OPINION – BC’s Social Workers Want Paradigm Shift in Long-Term Care

Vancouver – BC’s social work association supports the call for the immediate creation of a multi-stakeholder task force to spearhead a paradigm shift in long-term care that focuses on facilitating quality of life and addresses long standing structural issues.

“Social workers across BC welcome Dr. Penny MacCourt’s recommendations and support the work of the Action to Reform Residential Care in BC” said Michael Crawford, President of the BC Association of Social Workers. “We join with other healthcare professionals, seniors’ organizations, schools of social work, and others calling for improved quality of life for people living in long-term care.”

The report, “Improving Quality of Life in Long Term Care- A Way Forward”, makes 35 recommendations about the need for more person-centred care and focus on quality of life in a more home-like environment through new licensing standards, increased staffing levels and training, higher wages and benefits, and development of regional support for family councils.

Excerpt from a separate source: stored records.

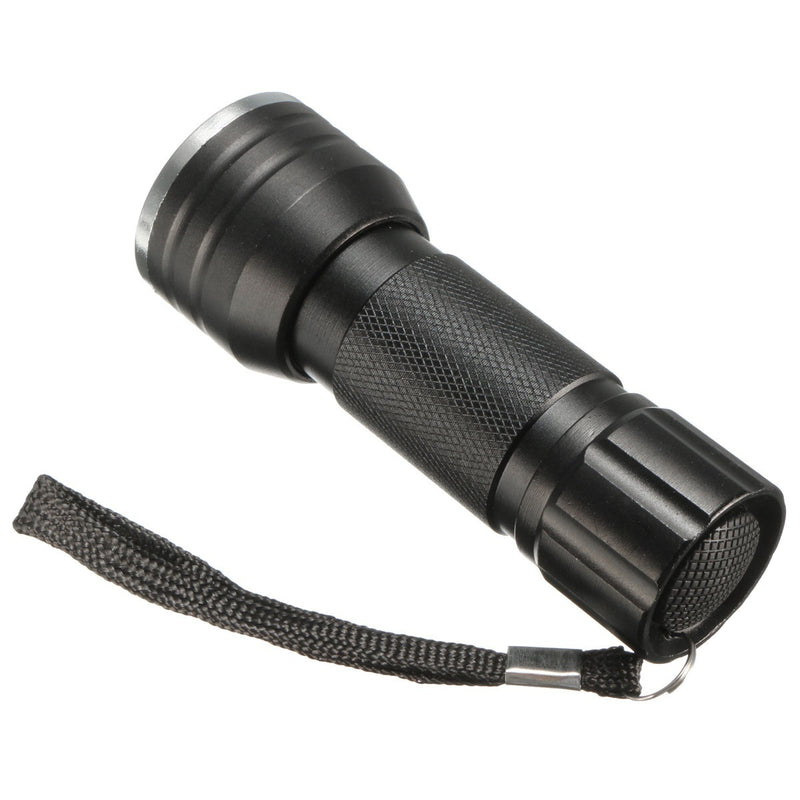 Aluminum Alloy 21LED UV Ultra Violet Mini Blacklight Flashlight Torch Light Lamp Outdoor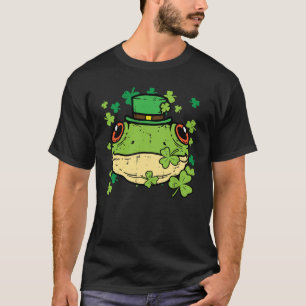 St Patricks Day Frog Face Saint Pattys Paddys Men T-Shirt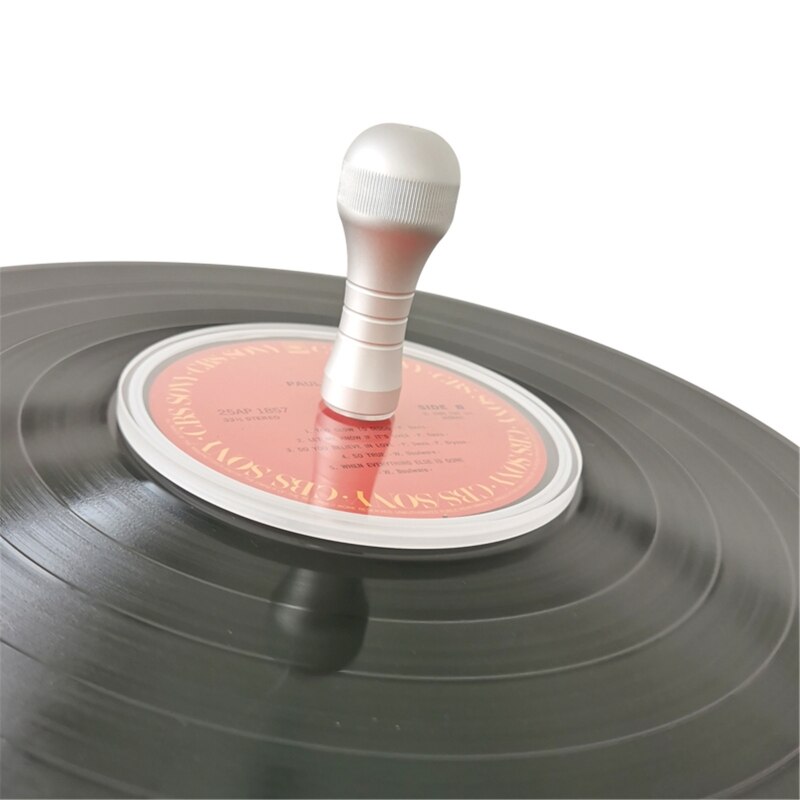 LP-Abrazadera para limpiador de discos de vinilo, mango de aluminio, Protector de etiquetas de registro, herramienta de limpieza acrílica impermeable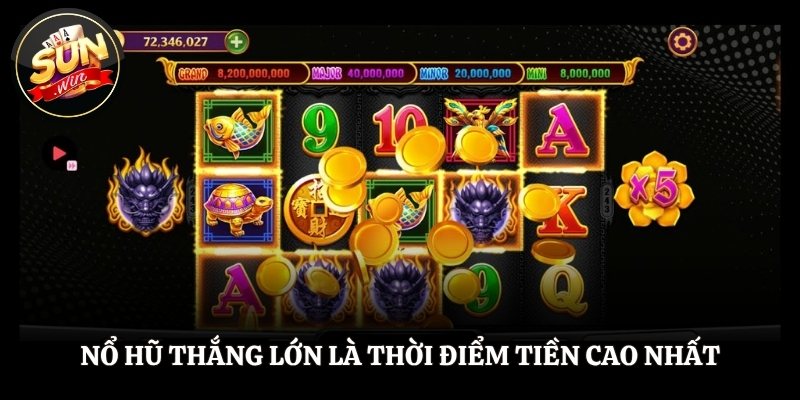 Nổ Hũ Thắng Lớn Mang Đến Thưởng Giá Trị Cao Cho Người Chơi Nổ hũ thắng lớn là thời điểm tiền cao nhất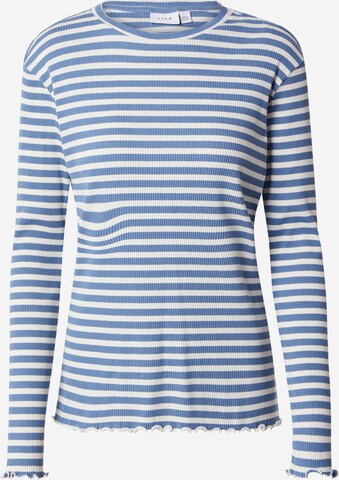 VILA Shirt 'THESSA' in Blauw: voorkant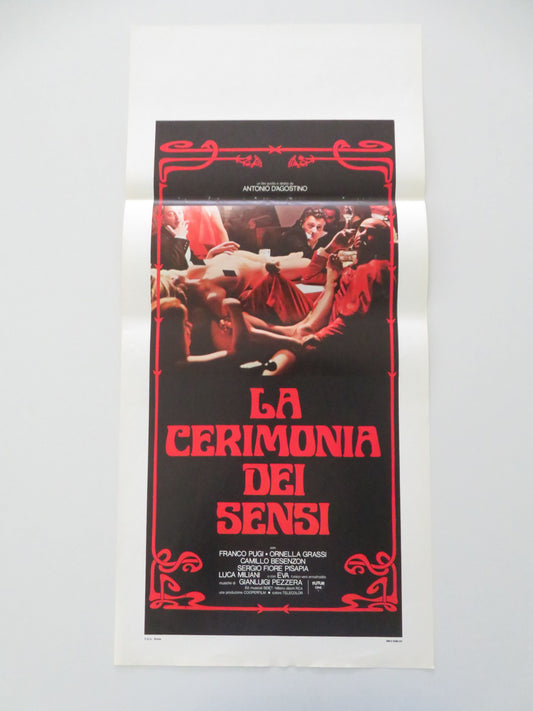 The Ceremony of the Senses Italian Locandina Poster Franco Pugi Grassi 1979 Movie posters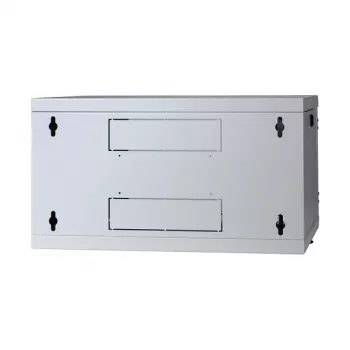 EFB-Elektronik 48,30cm (19) Wandgehäuse 6HE, schwenkend, 2-teilig, RAL7035, Tiefe 500 mm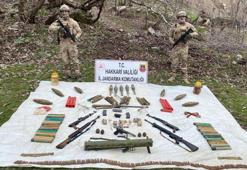 İçişleri: Hakkari'de terör örgütüne ait sayıda silah ve mühimmat ele geçirildi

“Our members work on interdisciplinary teams, and social workers are essential in helping to meet the needs of residents and their families in long-term care” said Crawford. “Social workers bring a unique perspective and skill set, including advocacy and system navigation, as well as emotional and mental health support to residents and their families.”

The report includes an addendum written by the Seniors Community of Practice, a working group within the BC Association of Social Workers, calling for increased staffing levels including professional social workers in long-term care. Social workers have expertise in working with families and advocating for vulnerable seniors.

“Unfortunately, social work is not a mandated service in long-term care and many care homes do not have social workers on staff” said Crawford. “Social work support in assisted living is even more limited where recent changes in legislation means individuals who need an increased level of services now qualify for assisted living settings.”

The BC Association of Social Workers supports the call for older adults to have a range of high-quality options whether they choose to live at home, in an assisted living site or in a long-term care setting. The association calls for investments in seniors’ care with quality of life at the forefront.